Algunas personas prefieren rescatar las tareas artesanales, para llenar de forma útil, sus horas de ocio o, dando un paso más convertirlo en su modo de vida.
“Se requiere paciencia infinita, cientos de horas de pausado tiempo, todas y cada una de las acciones deben procurarse calmadas y sin prisas. El demoledor efecto de la impaciencia se notará hasta en la más simple de las labores”.
La técnica de fabricación artesanal permite la creación de instrumentos únicos, no solo por la estética celosamente cuidada también por el sonido que se obtiene al trabajar la madera parte por parte.
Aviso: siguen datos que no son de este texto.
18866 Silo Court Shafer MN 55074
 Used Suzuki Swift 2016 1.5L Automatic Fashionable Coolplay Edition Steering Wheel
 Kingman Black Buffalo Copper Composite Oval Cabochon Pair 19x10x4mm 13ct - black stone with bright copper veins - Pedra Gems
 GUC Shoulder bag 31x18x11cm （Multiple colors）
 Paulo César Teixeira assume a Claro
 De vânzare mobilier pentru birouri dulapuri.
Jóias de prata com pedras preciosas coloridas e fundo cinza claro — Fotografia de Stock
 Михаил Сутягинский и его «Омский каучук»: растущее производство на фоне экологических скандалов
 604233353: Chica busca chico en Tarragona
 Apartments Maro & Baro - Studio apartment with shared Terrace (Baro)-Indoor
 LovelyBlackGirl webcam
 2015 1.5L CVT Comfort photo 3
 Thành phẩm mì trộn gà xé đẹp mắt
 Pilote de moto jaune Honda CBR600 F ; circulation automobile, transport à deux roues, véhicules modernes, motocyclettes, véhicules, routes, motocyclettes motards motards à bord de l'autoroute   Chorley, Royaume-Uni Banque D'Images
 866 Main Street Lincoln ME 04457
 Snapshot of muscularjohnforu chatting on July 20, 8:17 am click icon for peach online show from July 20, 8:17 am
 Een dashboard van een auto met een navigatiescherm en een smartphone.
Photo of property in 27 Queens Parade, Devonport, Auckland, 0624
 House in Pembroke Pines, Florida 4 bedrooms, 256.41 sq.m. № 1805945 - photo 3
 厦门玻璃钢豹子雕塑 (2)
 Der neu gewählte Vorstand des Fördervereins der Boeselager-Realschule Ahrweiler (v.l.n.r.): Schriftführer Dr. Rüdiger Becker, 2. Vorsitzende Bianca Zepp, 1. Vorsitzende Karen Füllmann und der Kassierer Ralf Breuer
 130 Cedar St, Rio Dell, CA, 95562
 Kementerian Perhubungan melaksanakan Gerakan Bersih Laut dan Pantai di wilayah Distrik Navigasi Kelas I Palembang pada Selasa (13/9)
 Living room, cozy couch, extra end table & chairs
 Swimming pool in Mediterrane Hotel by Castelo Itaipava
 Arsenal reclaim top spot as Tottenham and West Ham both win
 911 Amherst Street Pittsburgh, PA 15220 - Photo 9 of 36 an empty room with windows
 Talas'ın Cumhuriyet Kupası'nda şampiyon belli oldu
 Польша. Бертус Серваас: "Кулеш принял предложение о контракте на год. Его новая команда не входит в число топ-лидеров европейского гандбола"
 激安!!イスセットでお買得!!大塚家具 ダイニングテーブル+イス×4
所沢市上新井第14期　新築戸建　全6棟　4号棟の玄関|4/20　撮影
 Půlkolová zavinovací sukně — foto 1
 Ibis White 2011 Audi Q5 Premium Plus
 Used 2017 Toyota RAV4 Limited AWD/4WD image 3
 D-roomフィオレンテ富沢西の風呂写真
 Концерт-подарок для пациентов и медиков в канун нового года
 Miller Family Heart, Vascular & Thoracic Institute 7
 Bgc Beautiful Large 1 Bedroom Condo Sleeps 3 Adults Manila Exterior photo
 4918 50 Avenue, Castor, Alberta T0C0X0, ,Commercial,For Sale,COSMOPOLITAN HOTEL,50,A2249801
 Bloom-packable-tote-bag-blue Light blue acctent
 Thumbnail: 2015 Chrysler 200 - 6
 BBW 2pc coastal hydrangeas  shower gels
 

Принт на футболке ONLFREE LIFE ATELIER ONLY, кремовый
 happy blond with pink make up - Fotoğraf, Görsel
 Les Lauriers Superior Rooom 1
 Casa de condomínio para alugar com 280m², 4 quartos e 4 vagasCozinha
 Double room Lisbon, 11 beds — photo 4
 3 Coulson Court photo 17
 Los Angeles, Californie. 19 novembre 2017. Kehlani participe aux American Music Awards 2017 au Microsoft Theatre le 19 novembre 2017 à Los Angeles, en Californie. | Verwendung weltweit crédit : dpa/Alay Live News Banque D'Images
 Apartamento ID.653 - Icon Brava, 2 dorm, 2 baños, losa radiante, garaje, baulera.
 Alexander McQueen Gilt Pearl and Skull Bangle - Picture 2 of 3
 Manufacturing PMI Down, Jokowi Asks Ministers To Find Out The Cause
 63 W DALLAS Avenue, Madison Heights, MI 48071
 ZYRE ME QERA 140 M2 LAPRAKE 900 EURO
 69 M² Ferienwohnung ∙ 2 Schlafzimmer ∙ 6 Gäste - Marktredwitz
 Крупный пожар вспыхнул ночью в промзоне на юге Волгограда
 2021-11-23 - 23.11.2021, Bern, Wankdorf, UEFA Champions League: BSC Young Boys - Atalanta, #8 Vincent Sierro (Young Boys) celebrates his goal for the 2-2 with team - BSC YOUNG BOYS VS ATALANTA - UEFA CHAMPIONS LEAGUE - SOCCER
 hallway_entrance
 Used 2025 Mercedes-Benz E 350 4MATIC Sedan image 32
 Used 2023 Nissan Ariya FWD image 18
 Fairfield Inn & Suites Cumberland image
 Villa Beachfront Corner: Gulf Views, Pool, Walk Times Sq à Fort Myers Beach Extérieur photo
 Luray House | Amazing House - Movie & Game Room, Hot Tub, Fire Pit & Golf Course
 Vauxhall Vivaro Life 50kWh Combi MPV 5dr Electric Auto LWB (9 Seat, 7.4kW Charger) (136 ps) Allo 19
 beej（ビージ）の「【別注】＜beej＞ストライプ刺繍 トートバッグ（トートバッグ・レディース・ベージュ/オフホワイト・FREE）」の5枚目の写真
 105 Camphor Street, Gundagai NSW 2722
Trabajando con las manos, el Luthier, puede precisar la flexibilidad o la rigidez necesaria para cada sección, escuchar, la nota que da la tapa de una guitarra con sólo un golpecito de los nudillos mientras se sostiene colgada con la otra mano. A partir de la percepción del sonido nítido a determinada altura, el Luthier advierte qué ajustes son necesarios para lograr volumen y claridad del instrumento. El tiempo que dedica a cada pieza hace que conozca al milímetro cada parte y pueda realizar los ajustes necesarios para lograr una obra única.

La guitarra de Tallamadera ha estado en manos de un profesor de guitarra clásica del conservatorio. Un miércoles estuvo, 3 horas largas, tocando y tocando con ella. Al acabar la prueba elogió, muy mucho, el trabajo hecho, haciendo hincapié en la gran sonoridad del instrumento.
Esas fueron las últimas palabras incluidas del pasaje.